__Instructions for the task__
Using the data that follows, output only the lines from the line with "Today we're going" up to and including the line with "You also enter", exactly, leaving pictures aside.

__Task data__
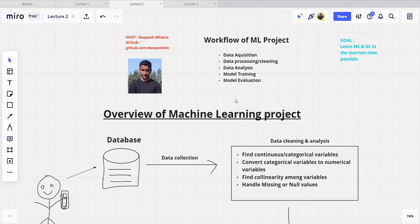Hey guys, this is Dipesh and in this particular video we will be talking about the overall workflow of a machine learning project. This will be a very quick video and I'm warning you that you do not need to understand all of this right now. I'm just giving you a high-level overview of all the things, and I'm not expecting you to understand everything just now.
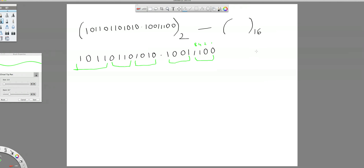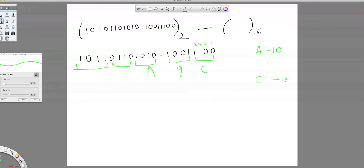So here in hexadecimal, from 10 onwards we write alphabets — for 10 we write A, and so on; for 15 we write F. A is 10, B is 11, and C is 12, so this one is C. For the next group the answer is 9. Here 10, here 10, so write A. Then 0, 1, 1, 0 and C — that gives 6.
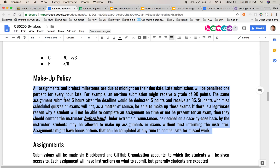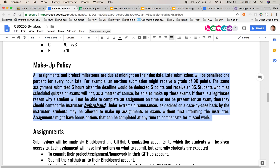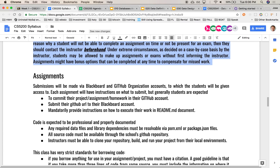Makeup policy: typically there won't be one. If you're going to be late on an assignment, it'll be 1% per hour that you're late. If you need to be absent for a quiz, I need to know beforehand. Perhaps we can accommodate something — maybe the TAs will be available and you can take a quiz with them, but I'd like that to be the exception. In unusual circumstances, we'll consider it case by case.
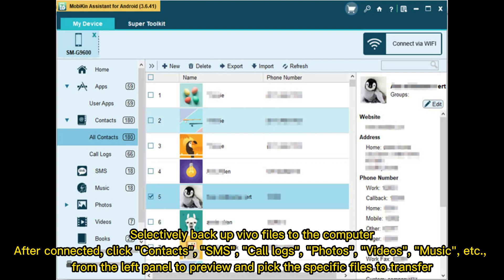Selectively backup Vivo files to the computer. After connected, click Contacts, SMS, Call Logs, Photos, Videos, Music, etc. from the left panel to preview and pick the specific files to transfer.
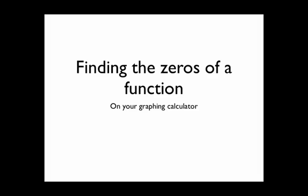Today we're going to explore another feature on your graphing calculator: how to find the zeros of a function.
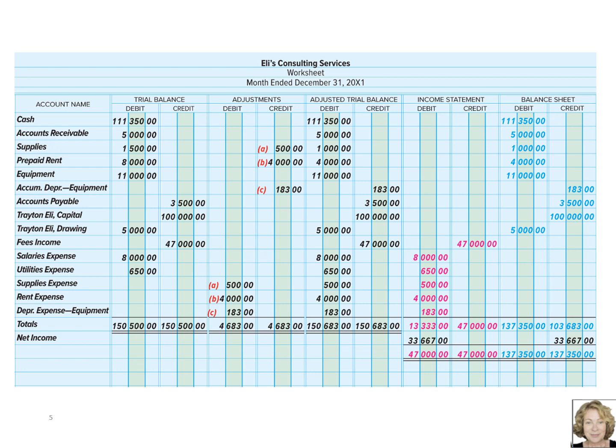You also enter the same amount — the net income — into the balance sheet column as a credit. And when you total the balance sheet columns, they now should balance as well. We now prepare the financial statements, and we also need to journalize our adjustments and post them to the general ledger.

...

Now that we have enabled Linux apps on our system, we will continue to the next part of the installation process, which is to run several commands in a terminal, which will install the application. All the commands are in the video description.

__Exercise output__
Today we're going to explore another feature on your graphing calculator: how to find the zeros of a function.
You also enter the same amount — the net income — into the balance sheet column as a credit. And when you total the balance sheet columns, they now should balance as well. We now prepare the financial statements, and we also need to journalize our adjustments and post them to the general ledger.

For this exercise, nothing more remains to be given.